Segment Start: Provided data
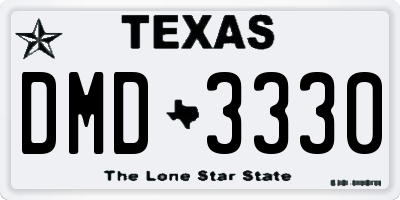 TX license plate DMD3330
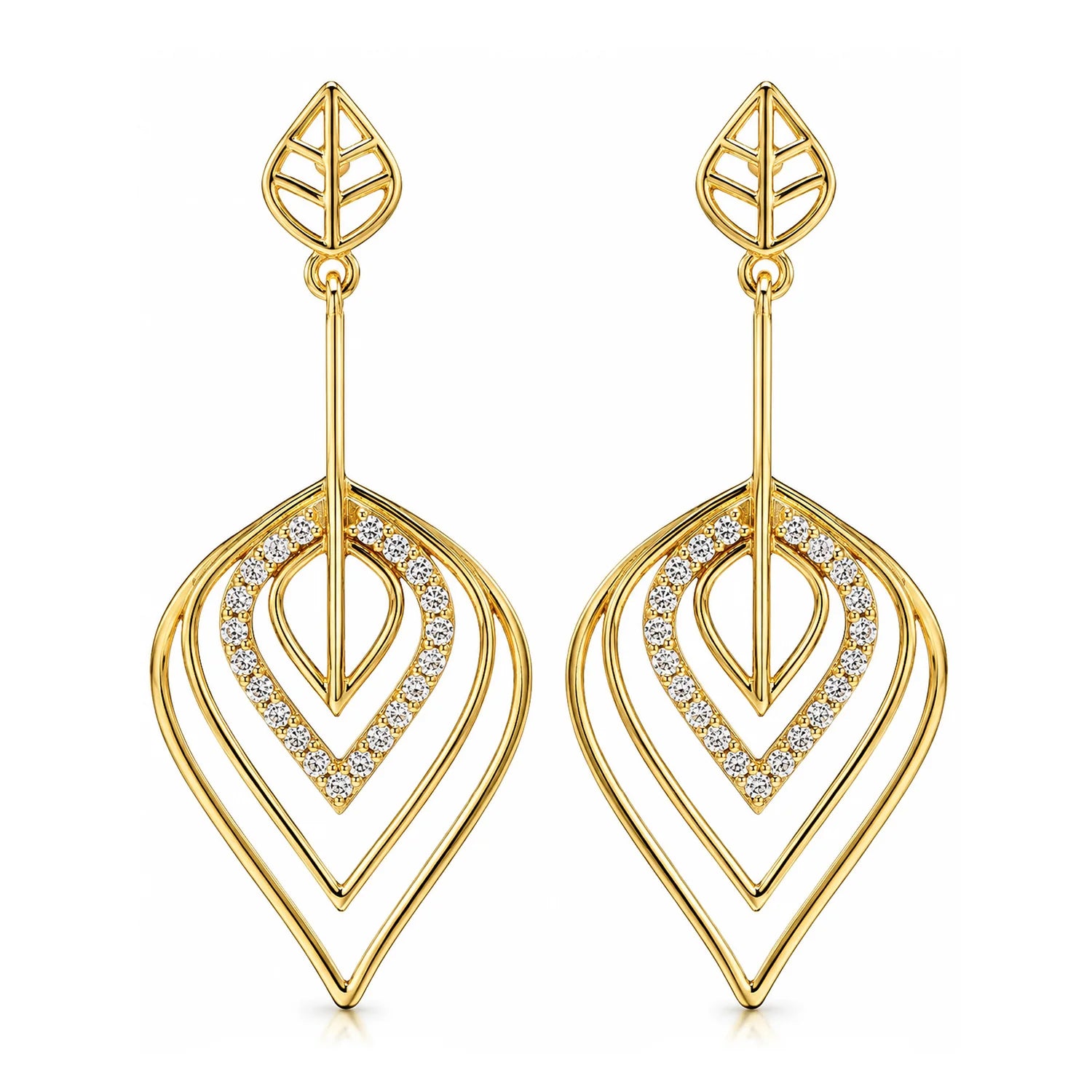 Leafy Affair Radiant Drift Drops Dangle Earrings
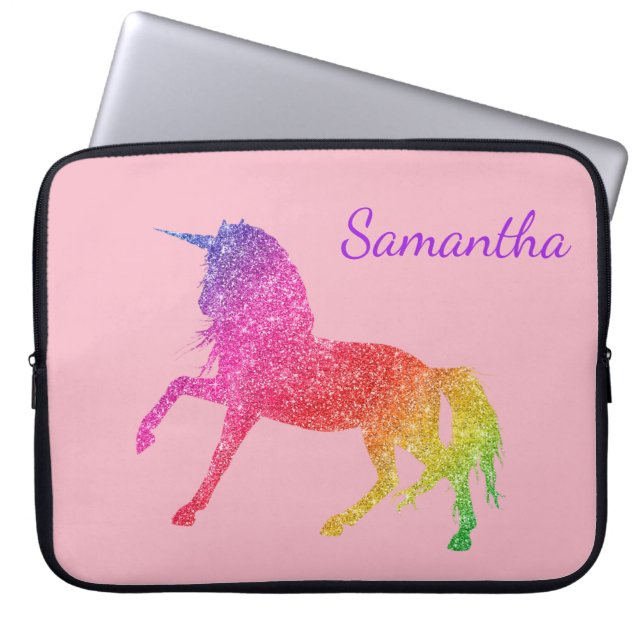 Funda Para Portátil Arcoíris Bonito Brillo Destello Unicornio Niña (Frente)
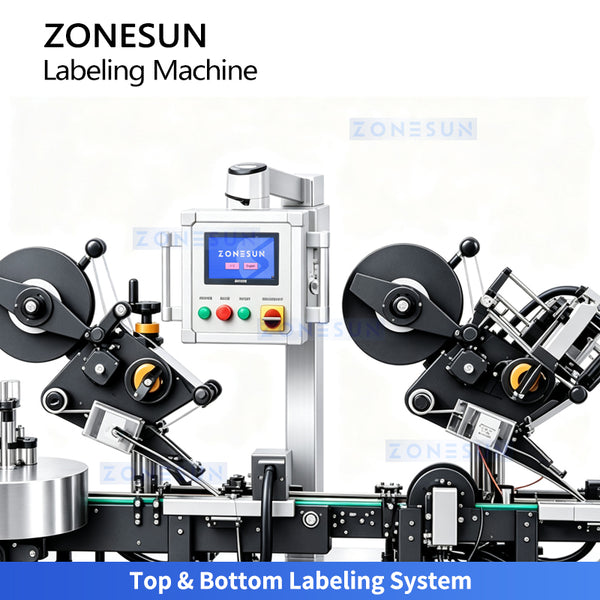 Independent top and bottom labeling heads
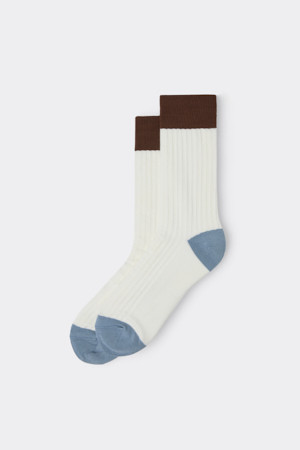 White Rib Block Socks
Segment End: Provided data
--- Task brief ---
Retype, word for word, the line containing "Independent top and bottom labeling heads" and each line after it through the end of the data, leaving any picture out.

--- Problem solution ---
 Independent top and bottom labeling heads
 White Rib Block Socks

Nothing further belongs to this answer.